══ Material for this task ══
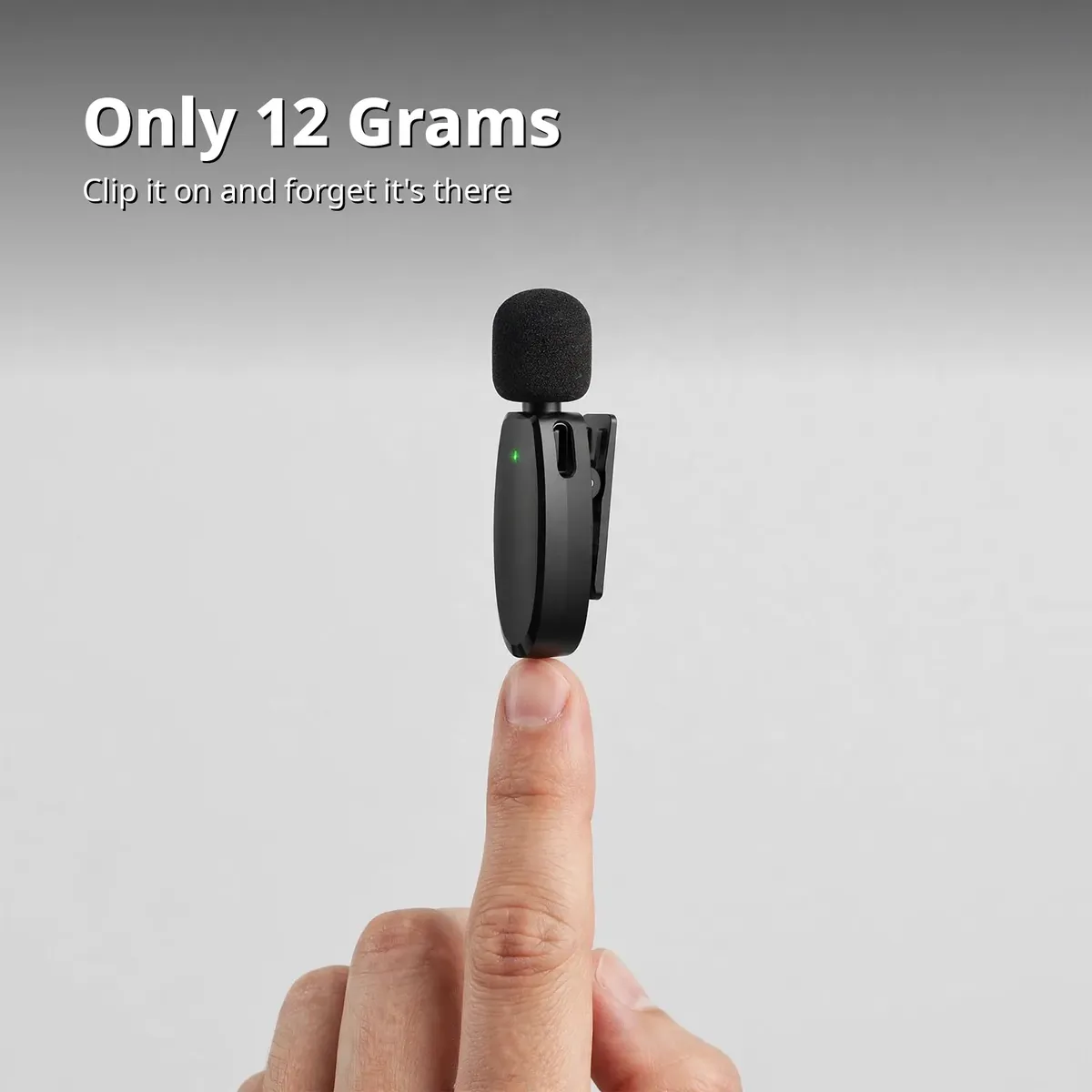 Hoco L15 weight card showing the mic balanced on a fingertip — Only 12 Grams. Clip it on and forget it's there.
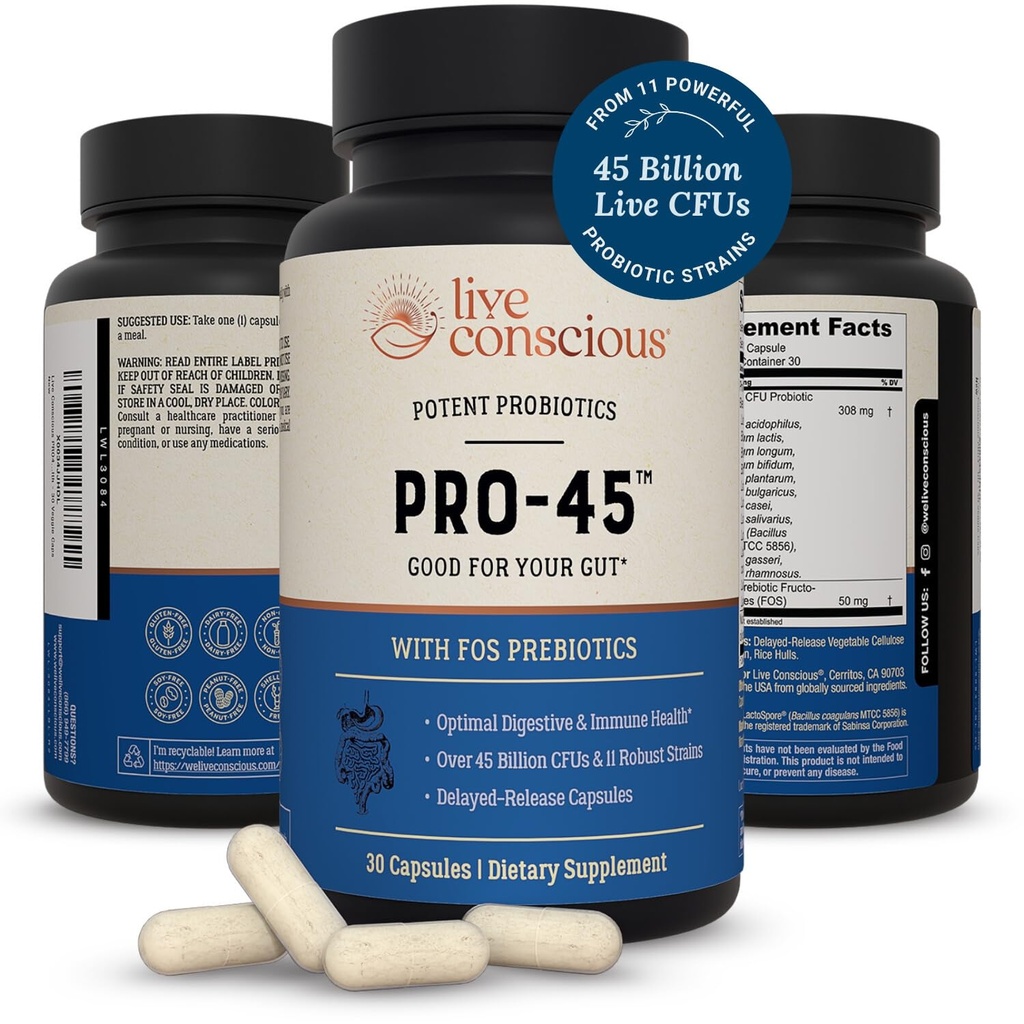 Live Bevidsthed PRO45 Probiotika for kvinder & mænd: Omfattende Formel, 45 Millioner CFU, 11 Strops, Dairy Free - w / Prebiotika og Probiotika - fremmer immunforsvar & Gut Sundhed - 30 Veggie Caps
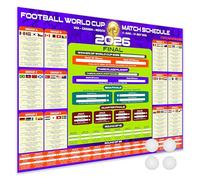 Giftinghouse Tableau mural officiel de la Coupe du monde de football 2026 - Poster A1 (84 x 59 cm) - 48 équipes fixes, dates, stades et heure du Royaume-Uni (BST) - Papier non couché 250 g/m² (Design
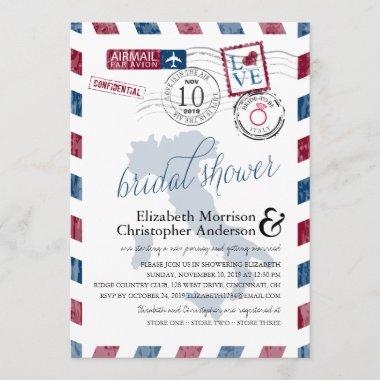 Antique Airmail Italy | Bridal Shower Invitations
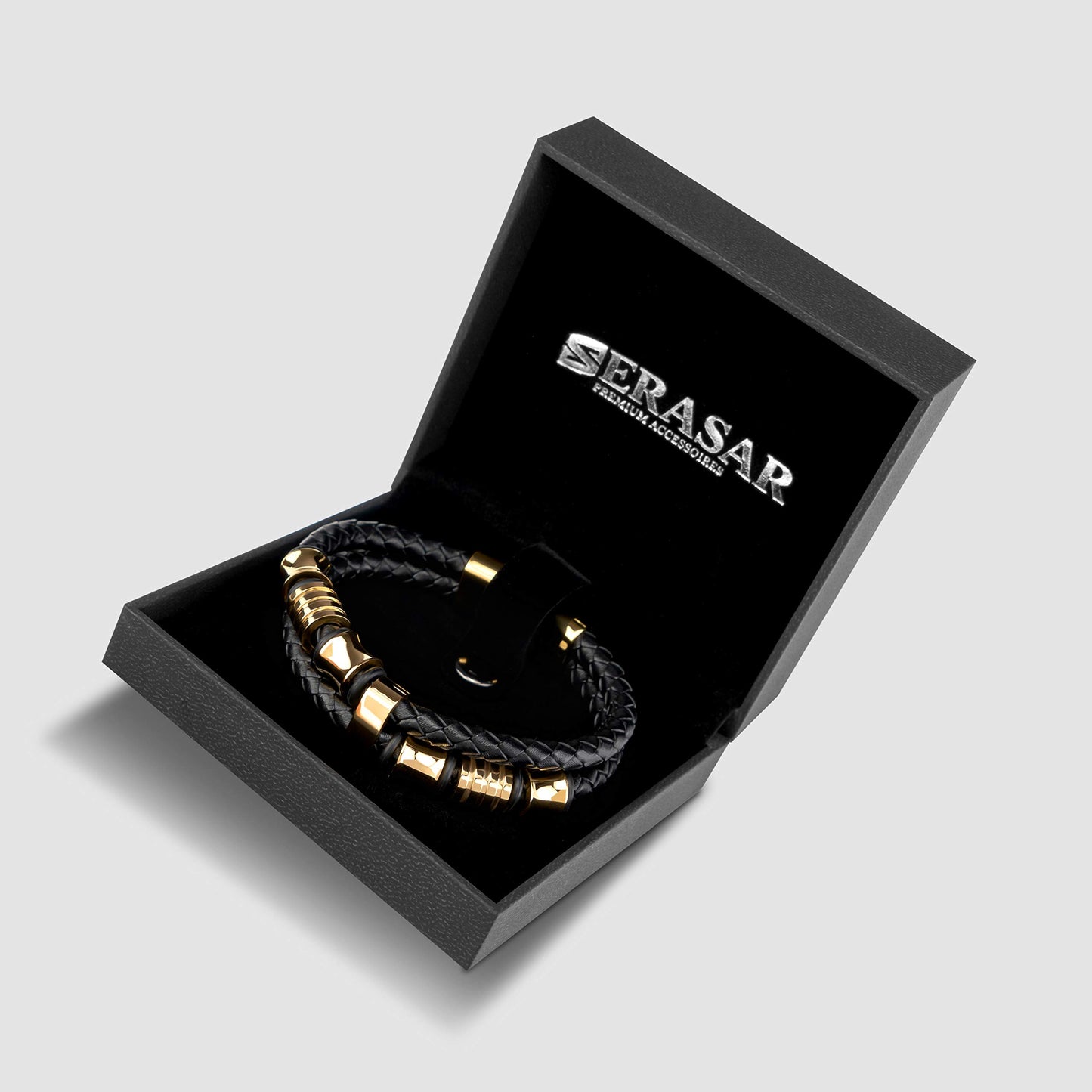 SERASAR Premium Leather Bracelet Men | Stainless Steel Magnetic Clasp | Three Colors | Jewelry Box Included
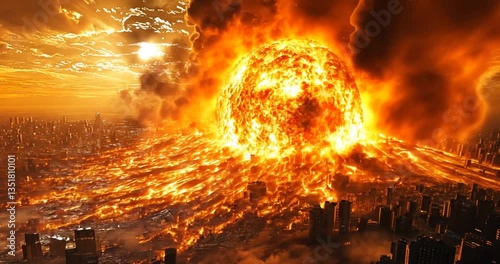 City engulfed by fiery celestial event photo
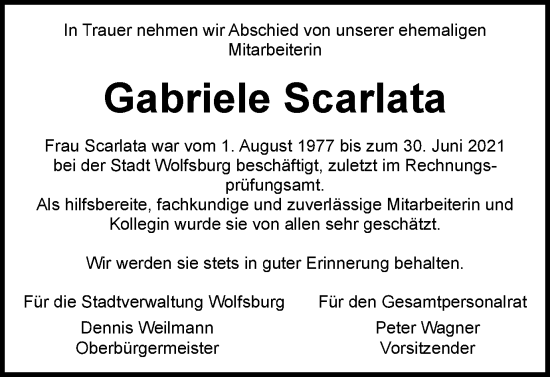 Traueranzeige von Gabriele Scarlata von Wolfsburger Nachrichten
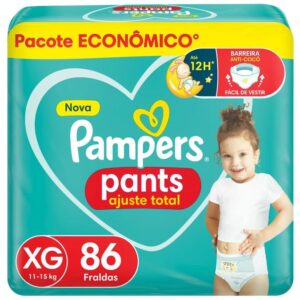 Fralda Calça Pampers Pants Ajuste Total - Tam. XG 11 a 15kg 86 Unidades - Fralda Descartável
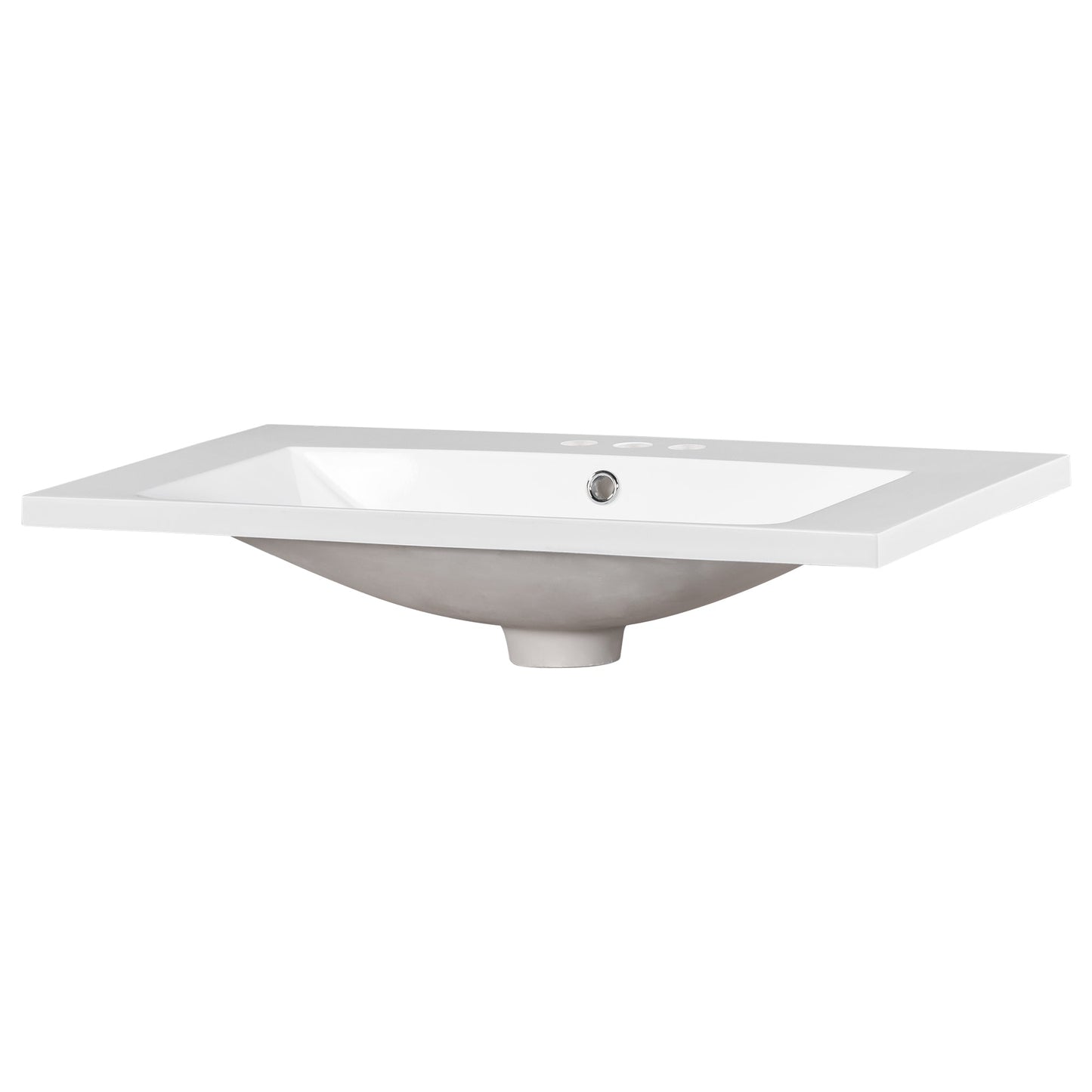 30" Single Bathroom Basin Sink, Vanity Top Only, 3-Faucet Holes, Resin - Korvel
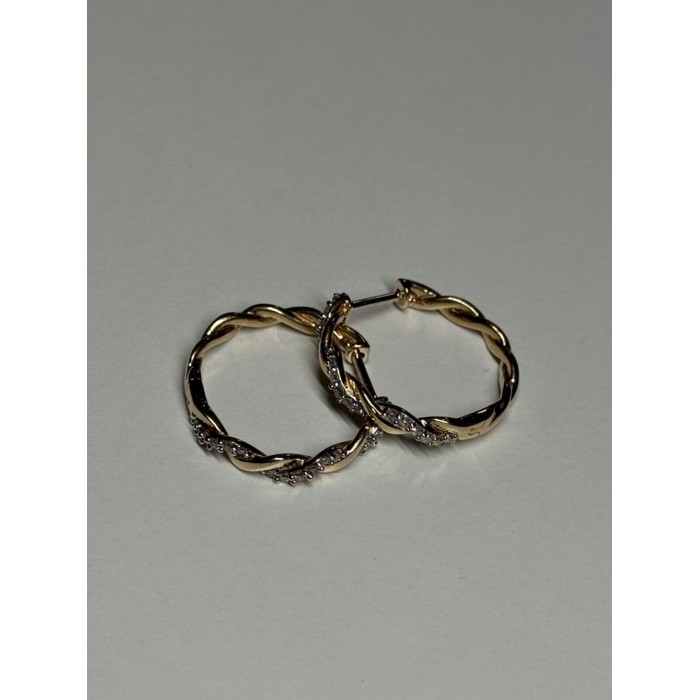 10K YELLOW GOLD  DIAMONDS 0.3 CARAT EARRINGS LENGTH 18 mm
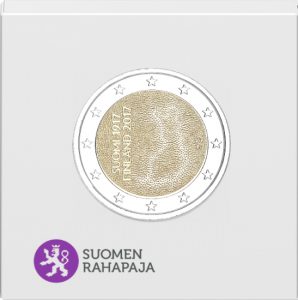 Verpakung der Gedenkmünze 2 Euro 2017 Finnland 100 Jahre Unabhängigkeit Finnlands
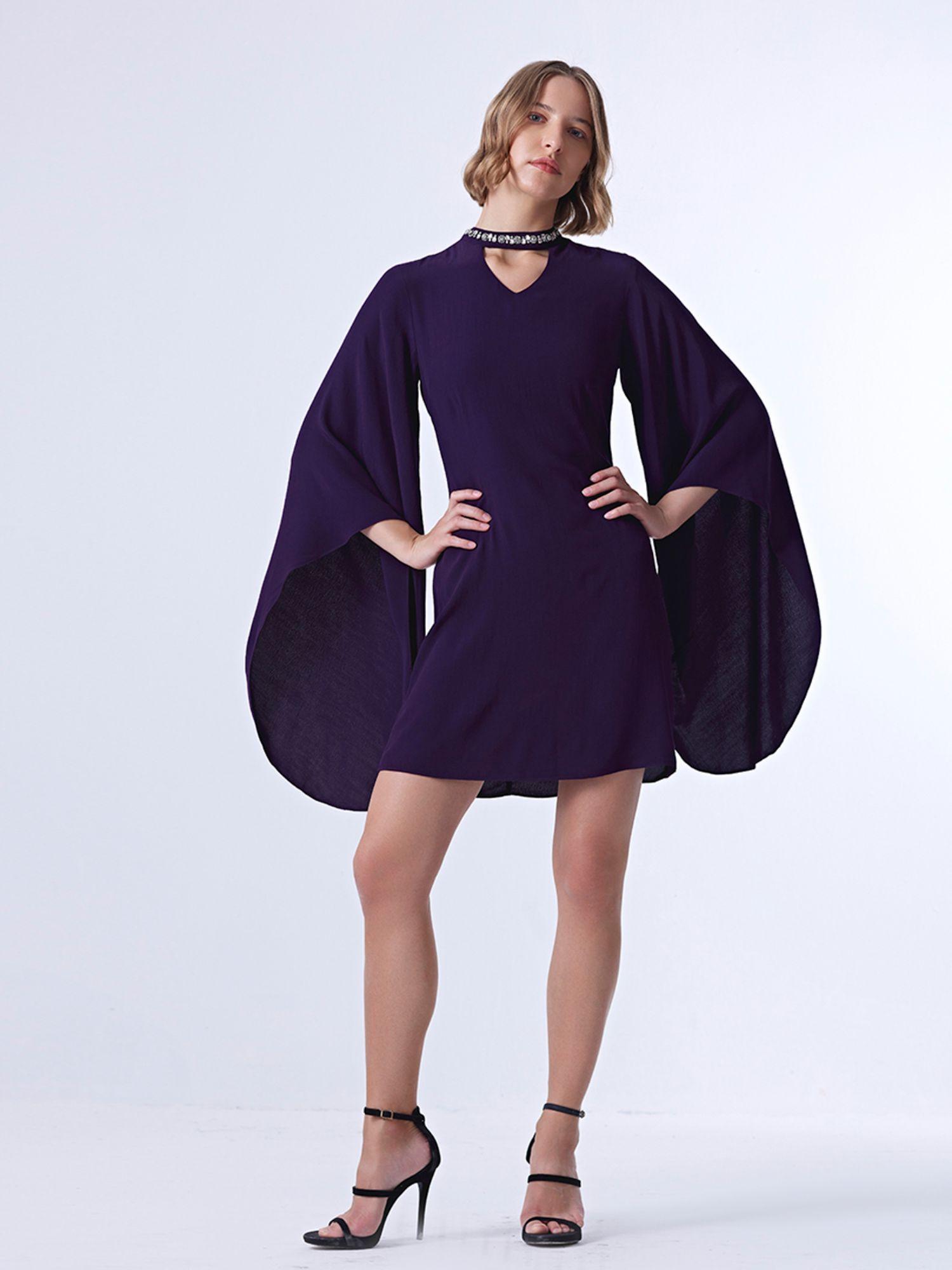 purple-solid-flared-sleeves-high-neck-mini-dress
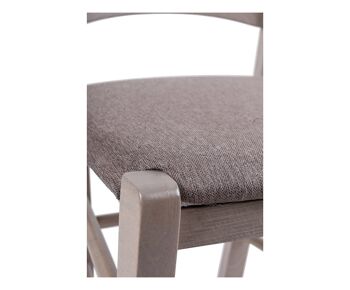 Dmora Lot de 2 chaises pour salon ou cuisine, style campagnard, tissu rembourré et structure en bois, cm 44x44h88, couleur marron 3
═══
Please write out only the material above, exactly, from its first line through the line that contains "Giftinghouse Tableau mural", and include no pictures.

-- Result --
 Hoco L15 weight card showing the mic balanced on a fingertip — Only 12 Grams. Clip it on and forget it's there.
 Live Bevidsthed PRO45 Probiotika for kvinder & mænd: Omfattende Formel, 45 Millioner CFU, 11 Strops, Dairy Free - w / Prebiotika og Probiotika - fremmer immunforsvar & Gut Sundhed - 30 Veggie Caps
 Giftinghouse Tableau mural officiel de la Coupe du monde de football 2026 - Poster A1 (84 x 59 cm) - 48 équipes fixes, dates, stades et heure du Royaume-Uni (BST) - Papier non couché 250 g/m² (Design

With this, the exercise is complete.